I had a performance management review scheduled with Emilio the week after this toot, so I thought tagging him in this investigation would get me into his good graces 😇😇
After more and more Googling, I realized I should be careful. There have been a lot of smart people working on this problem. Instead, I realized the issue: everything I investigated focused on Absolute Measurement. A series of inputs are sent into an alert, and the output should be some severity on a scale from informational -> critical.
Severity = Probability of occurrence * Threat Actor Jerk Coefficient * (Compensating Control - Cups of Coffee) - abs(Last time I took a vacation - Burnout)
Not all threat actors are jerks, but many jerks are threat actors
Aha! Mathematics saves the day yet again! But here is the problem: humans are generally bad at absolute measurement.
Exhibit A is a study about how different outsourcing companies could give an absolute estimate of hours of work provided a set of specifications. It turns out they were all over the place. Culture, bias, expertise, and specification details (or lack thereof) played a role in how firms decided the cost of a project. So what can we do instead?
Security has to learn yet again from Dev and Ops: relative measurements to the rescue!
Estimating work for software is difficult. But developers and operations folks figured this out long ago with a little thing called Agile Development. Rather than being all waterfall-y, you can get a couple of sprints under your belt and compare feature requests and bug reports with work you’ve already done!

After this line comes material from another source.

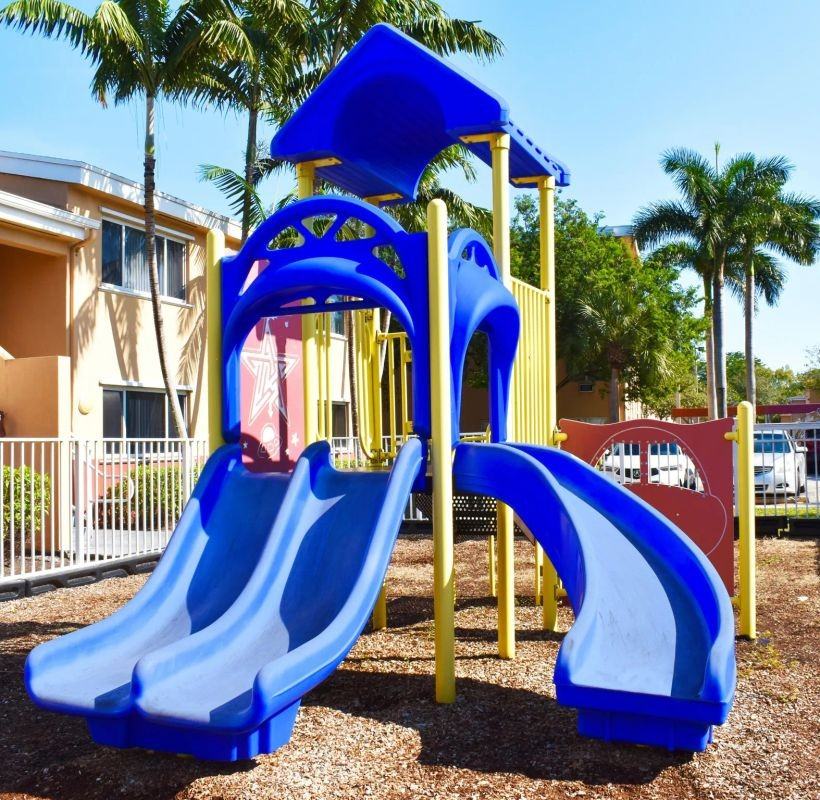 10972 Nw 14th Ave - Photo 6 of 11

> "So I believe that a button on our website is a 2-point story because I worked on a slider for our website 2 sprints ago, and that was a 2-pointer, and the code is relatively the same.” - An unknown enlightened developer, Initech, 1998
Bingo! Relative measurement. Humans rock.

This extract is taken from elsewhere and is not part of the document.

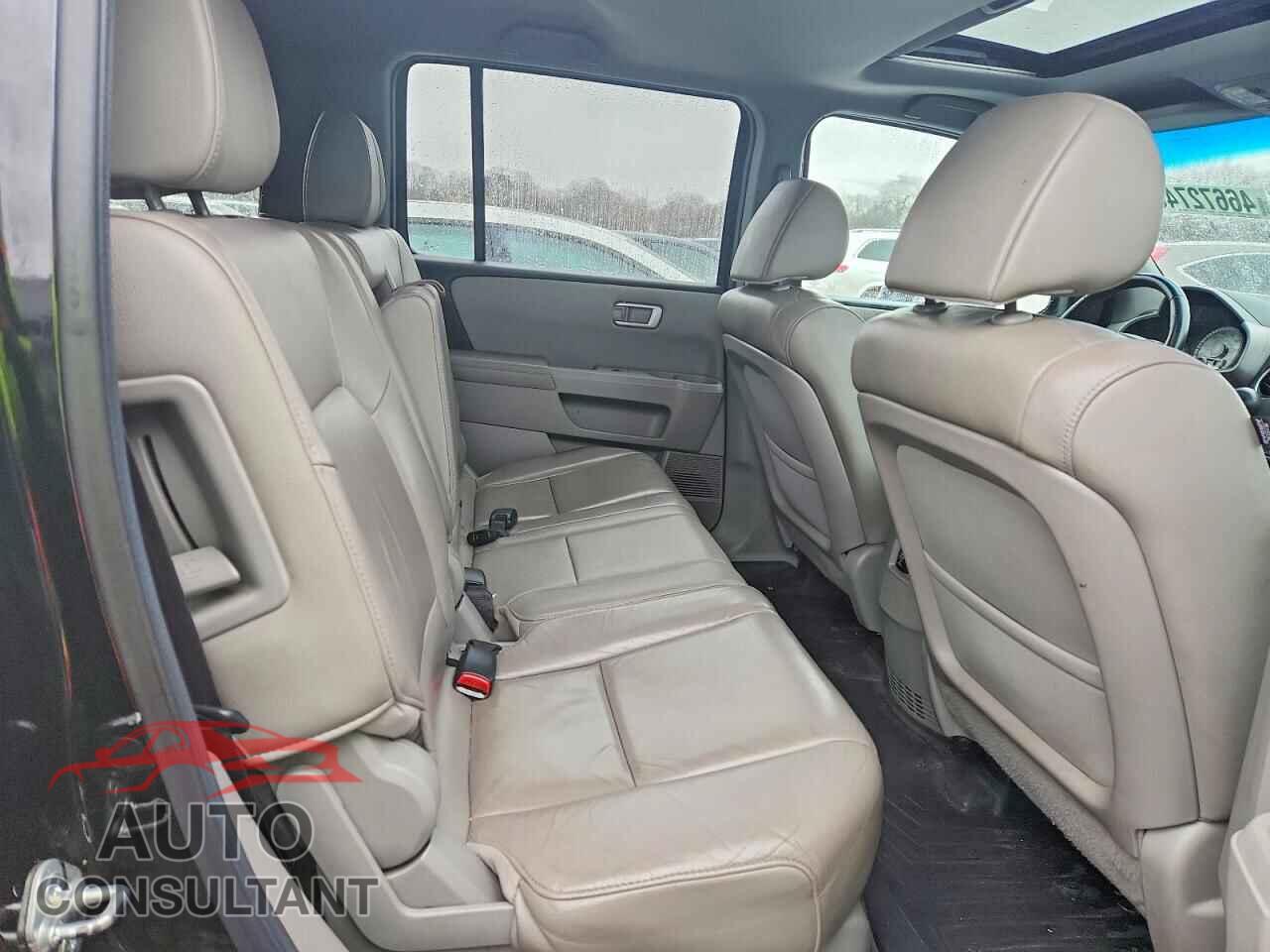 HONDA PILOT 2012 - 5FNYF4H57CB035035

So how does this apply to alert severity? Well, we should embrace what we’ve done before. What does this specific rule look like compared to our library of rules? Similar TTPs, similar environment? Does it alert on a very specific case or a broad case? These may seem like absolute measurements, but you'd be surprised how good humans are at taking very vague details like the above and clustering them to other similar rules.
Once you can cluster that, it is easy to assign the severity because it’s just the same severity as the rules it was clustered in. And yeah, finger to the wind is totally fine here! No more math, justify why your PHP Webshell rule is a Medium that seems awfully similar to an ASP.NET Webshell rule, and bam! Deploy away.
Alert severity can be alert urgency. Different name, similar outcomes
What does it mean for day-to-day operations to have an informational, low, medium, high, and critical alert now that you can cluster? Well, this is where documentation and an SLA come into play. I’m pretty bullish on treating security as a ship in the ocean rather than an immovable fortress. You have to keep the ship afloat. So how would you classify problems within the ship, with increasing levels of severity, that go from something to note, to something interesting, to something catastrophic?
Sailing analogies aside, I am impressed with how the DevOps profession solved this issue years ago. My employer has a great blog on Alert Urgency (not severity!) and classifies alerts as Records, Notifications, and Pages. Atlassian has a 5 tier model that discusses service degradation and customer annoyance. Notice these all can fit into one page and can be quickly adapted.
Conclusion
TL;DR focus on relative measurement. There will be some upfront costs and pain, but it gets easier as time goes on. That pain is the same thing Agile teams go through with assigning points, but it quickly fades. Next, identify your severity model from a notification perspective rather than a threat perspective. You might realize they achieve the same thing without as much absolute measurement in trying to quantify threat scores.